VRAI: Well, and also The Untamed, to both its credit and then sort of a double-edged sword once it has to come back around to the fact that all of them die, gave its female characters a lot more to do than the novel. Yanli, I think, is sort of just this generic too-good-for-this-sinful-earth older sibling, who is the representative of all of Wei Wuxian ruining everything he touches. And Wen Qing is sort of just Wen Ning’s older sister.

DEE: Yeah. Well, the TV show did a lot more with them, so I missed them a lot when they were gone. They’re great! They’re great! Justice for Wen Qing.

But that having been said… No, I really enjoyed this. Honestly, the show… Some of the twists and turns at the end are very fun, even though it’s a little incomprehensible at parts—again, which might be the translation, or it could be that they were just kind of rushing through some plot points. Who knows? People who speak Chinese know! I don’t know. But some of the plot twists towards the end are really fun. So it did pull me back in at the end.

It has some very, very enjoyable villains, and in that way you’re like, “Oh, you suck so bad, but I really enjoy it when you’re on screen because you’re very magnetic” kind of characters. There’s a guy who I nicknamed… his name is Yang, so I nicknamed him the Yang-dere early in the story, like three episodes in.

VRAI: [Chuckles]

DEE: Which, it turned out, was like the best nickname I could have given this guy as the story continued.

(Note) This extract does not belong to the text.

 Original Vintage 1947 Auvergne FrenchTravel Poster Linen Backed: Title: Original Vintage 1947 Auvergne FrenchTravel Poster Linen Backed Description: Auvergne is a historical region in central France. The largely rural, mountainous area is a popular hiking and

VRAI: [crosstalk] I love him so much! He’s the funniest character in the whole series!

DEE: Oh, yeah, he’s a trash bag. He’s great. Yeah, there’s some very enjoyable villains. And then the central… It’s a love story. Yeah, it’s implicit in the TV show for censorship reasons, but those boys are so clearly in love! They’re so clearly in love! I liked to joke that it was a magic school rom-com wearing an epic war fantasy as a hat, and I still maintain that was basically true all the way through.

VRAI: Yeah.

DEE: And when it was a magic school rom-com, it was really, really fun! And honestly, I enjoyed the epic war fantasy stuff, too, for the most part. Again, the time cut… I would say, folks at home, if you want to get into this… And I finished it, and overall, I did enjoy it and I would recommend it to people who enjoy, again, epic… You need to enjoy epic fantasy series; otherwise, there’s not going to be really anything here for you. But if you like that style of storytelling, then I think you would enjoy this a lot.

It hits its emotional beats very well. And sometimes it’s just frickin’ beautiful. Cinematography-wise? Gorgeous! The set design? In the early episodes, I had to keep jumping back, rewinding and rewatching scenes, because I started to look at set design and forget to read the subtitles, and I was like, “Ah, damn it! I don’t know what’s happening. Just a second.”

[Chuckling]

VRAI: There is… And obviously I don’t speak Chinese either to any extent, but I have heard it reported that the set of subtitles over on Viki, which is a drama-specific streaming service and is free with ads for most of their content, has better subtitles than the Netflix ones.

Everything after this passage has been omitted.